This README files provides instructions on how to reproduce the results presented on the journal version of Nebula, submitted to Oxford Nucleic Acid Research in June 2020.
We used the SV calls made by Chaisson et al on 1KG samples HG00514, HG00733 and NA19240 as the basis of this study. The deletion and insertion calls can be retrievd from this link. The inversion calls can be retrived from dbVar's ftp website here.
For consistency, we have merged events that overladp or are less than 10bp aprt (only for insertions) into single events across all three samples. This allows for a more streamlined comparison of genotypes. SVs that are form repeat regions (IS_TRF=TR) and SVs shorter than 10bp have been filtered. Insertions with an absent SEQ field have also been filtered. The original SV calls and the modified calls can be found in the variants folder.
The set of kmers for estimating sample coverage and GC coverage can be found in the kmers folder. The genotyping kmers have to be generated locally as they are too large (1GB on disk) to include in Github.
You will need to download the BAM files for HG00514 and HG00733. For NA19240 only a FASTQ file is needed, although Nebula can also genotype a BAM file.
To genotype the SVs from non-repeat regions on HG00514 and HG00733 on NA19240, follow the steps below. All commands are run from this directory.
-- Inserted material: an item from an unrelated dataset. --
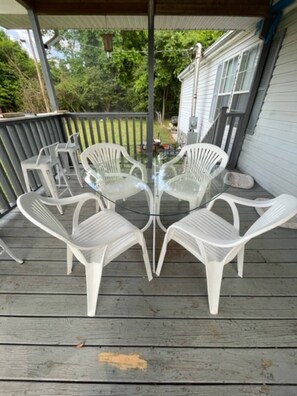 A covered outdoor patio with a glass-top table and four white plastic chairs. - Rainbows End River Lodge (South Pittsburg)
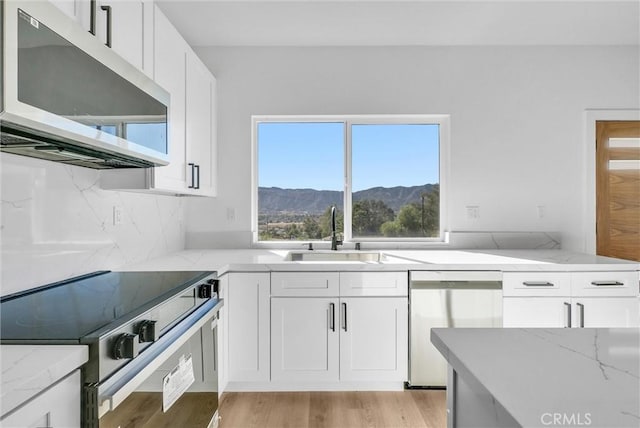 kitchen with white cabinets, a mountain view, sink, and appliances with stainless steel finishes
- Extract genotyping kmers from HG00514 and HG00733:
nebula preprocess --bed $PWD/variants/HG00514.unified.bed,$PWD/variants/HG00733.unified.bed --reference GRC38.fasta --bam /path/to/HG00514.alt_bwamem_GRCh38DH.20150715.CHS.high_coverage.bam,/path/to/HG00733.alt_bwamem_GRCh38DH.20150715.PUR.high_coverage.bam --workdir $PWD/kmers --threads 4
This extracts the kmers and stores them in the directory kmers. This step should take ~20 minutes.
- Genotype both samples with the exrtacted kmers and filter the potentially misleaing kmers:
nebula genotype --bed $PWD/variants/HG00514.unified.bed --gc_kmers $PWD/kmers/gc_kmers.json --depth_kmers $PWD/kmers/reference_kmers.json --bam /path/to/HG00514.alt_bwamem_GRCh38DH.20150715.CHS.high_coverage.bam --kmers $PWD/kmers --workdir $PWD/HG00514 --threads 8 --select --unique
nebula genotype --bed $PWD/variants/HG00733.unified.bed --gc_kmers $PWD/kmers/gc_kmers.json --depth_kmers $PWD/kmers/reference_kmers.json --bam /path/to/HG00733.alt_bwamem_GRCh38DH.20150715.PUR.high_coverage.bam --kmers $PWD/kmers --workdir $PWD/HG00733 --threads 8 --select --unique
This should take around ~70 minutes for each sample. Samples can be genotyped simultaneously.
- Merge the filtered kmers to get the combined set of kmers for HG00514 and HG00733:
nebula mix --bed $PWD/variants/HG00514.unified.bed,$PWD/variants/HG00733.unified.bed --samples HG00514,HG00733 --workdir $PWD --threads 8
- Now we can genotype NA19240:
nebula genotype --bed $PWD/variants/HG00514.unified.bed,$PWD/variants/HG00733.unified.bed --gc_kmers $PWD/kmers/gc_kmers.json --depth_kmers $PWD/kmers/reference_kmers.json --fastq /path/toNA19240.alt_bwamem_GRCh38DH.20150715.YRI.high_coverage.bam --kmers $PWD/Mix --workdir $PWD/NA19240 --threads 8
The output file genotypes.bed under the directory NA19240 contains the genotype predictions.
Nebula requires absolute paths for all arguments. If you are inside a different directory, change the paths as needed.